[DATA SHOWN]
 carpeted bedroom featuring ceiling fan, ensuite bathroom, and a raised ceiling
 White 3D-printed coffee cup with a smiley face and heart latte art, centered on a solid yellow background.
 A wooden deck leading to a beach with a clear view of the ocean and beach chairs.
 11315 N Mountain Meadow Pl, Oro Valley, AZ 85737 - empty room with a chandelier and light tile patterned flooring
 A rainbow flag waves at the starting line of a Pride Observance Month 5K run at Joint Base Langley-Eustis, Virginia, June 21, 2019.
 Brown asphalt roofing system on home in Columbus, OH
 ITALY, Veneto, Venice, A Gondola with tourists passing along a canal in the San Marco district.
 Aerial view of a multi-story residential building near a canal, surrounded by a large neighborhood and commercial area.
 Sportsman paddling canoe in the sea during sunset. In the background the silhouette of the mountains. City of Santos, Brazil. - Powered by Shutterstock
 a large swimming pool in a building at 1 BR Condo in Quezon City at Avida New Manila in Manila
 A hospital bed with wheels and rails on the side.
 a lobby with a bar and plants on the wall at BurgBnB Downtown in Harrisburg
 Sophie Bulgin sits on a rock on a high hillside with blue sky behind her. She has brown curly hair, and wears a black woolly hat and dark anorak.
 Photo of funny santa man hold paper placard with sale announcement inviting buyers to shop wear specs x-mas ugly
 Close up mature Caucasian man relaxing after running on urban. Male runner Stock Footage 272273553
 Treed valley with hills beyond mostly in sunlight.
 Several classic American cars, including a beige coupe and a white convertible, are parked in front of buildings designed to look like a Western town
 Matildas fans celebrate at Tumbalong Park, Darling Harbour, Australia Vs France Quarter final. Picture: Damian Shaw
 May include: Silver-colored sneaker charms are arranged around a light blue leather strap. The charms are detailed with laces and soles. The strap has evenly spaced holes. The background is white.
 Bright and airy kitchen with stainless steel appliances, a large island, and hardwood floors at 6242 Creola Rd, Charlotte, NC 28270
[/DATA SHOWN]
Beginning with the line containing "May include: Silver-colored", repeat each line of the listing above, exactly, through the last one, and stop there.

 May include: Silver-colored sneaker charms are arranged around a light blue leather strap. The charms are detailed with laces and soles. The strap has evenly spaced holes. The background is white.
 Bright and airy kitchen with stainless steel appliances, a large island, and hardwood floors at 6242 Creola Rd, Charlotte, NC 28270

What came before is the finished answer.